I have always considered marriage as the most interesting event of one's life, the foundation of happiness or misery. And the best part is, both the unmarried and the married are unhappy, though for radically opposite reasons, one for not being married, and the other for being married.
I couldn't help thinking of the quite serious question about why we do it. Do we really have no idea of what we're getting ourselves into? A long time ago, I realized that oddly enough, there are many things we do in life where there are no prerequisites. Before society allows me to drive a car, I must pass a test. Before I'm allowed to work as accountant, I have to obtain a degree and carry out an internship. But marriage? Becoming a parent? Our society, we collectively, require absolutely no proof of competency. There are no tests to pass, certificate to obtain, or internship to go through.

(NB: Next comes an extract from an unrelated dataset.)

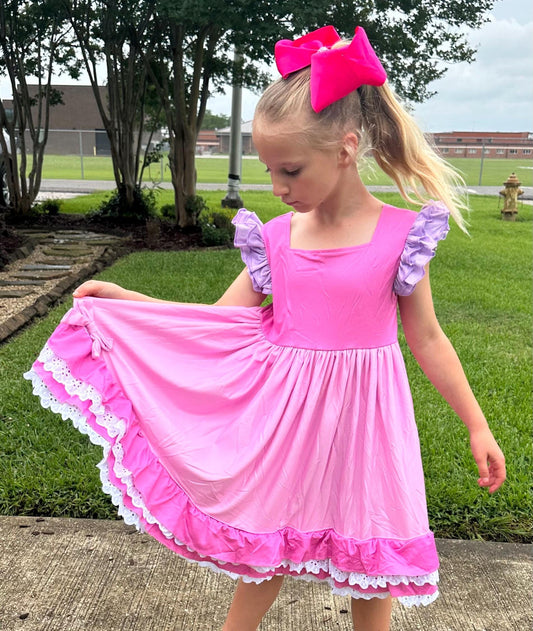 Pink Stitch Inspired Ruffle and Lace Twirl dress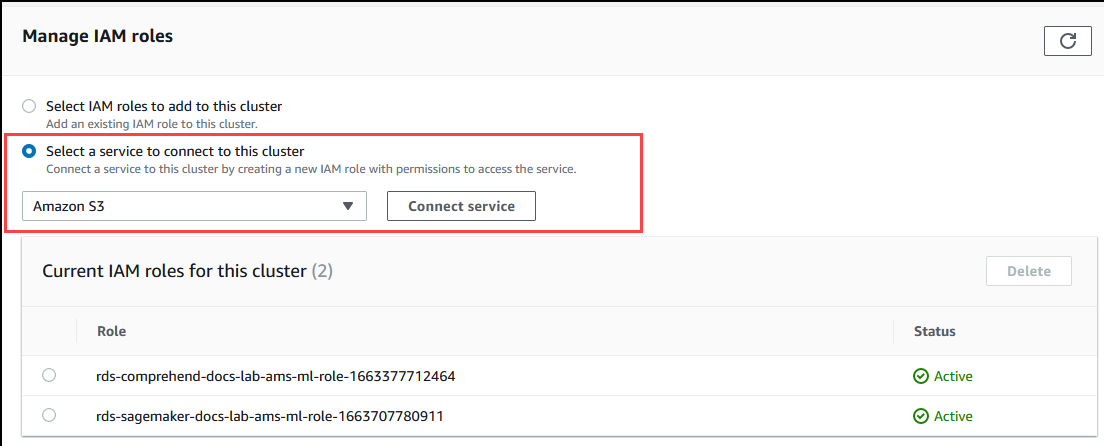 Memilih Amazon S3 sebagai layanan untuk diintegrasikan dengan cluster Aurora My DB. SQL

It’s important that younger people realize how difficult a marriage will be, at times. It strongly suggest that couples need more than just the desire to be married to make their marriage work but that they also need to understand the complexity of this intimate union. In our marriage life, we shall encounter issues of communication, finances, fair fighting, stress, making promises, and parenthood.
We all have the "right" to get married or become parents and we all would be indignant if anybody suggested we would need to prove beforehand that we have the requisite skills and financial means to be doing any of these activities. Every relationship has its flaws, but these flaws add to the charm of the marriage.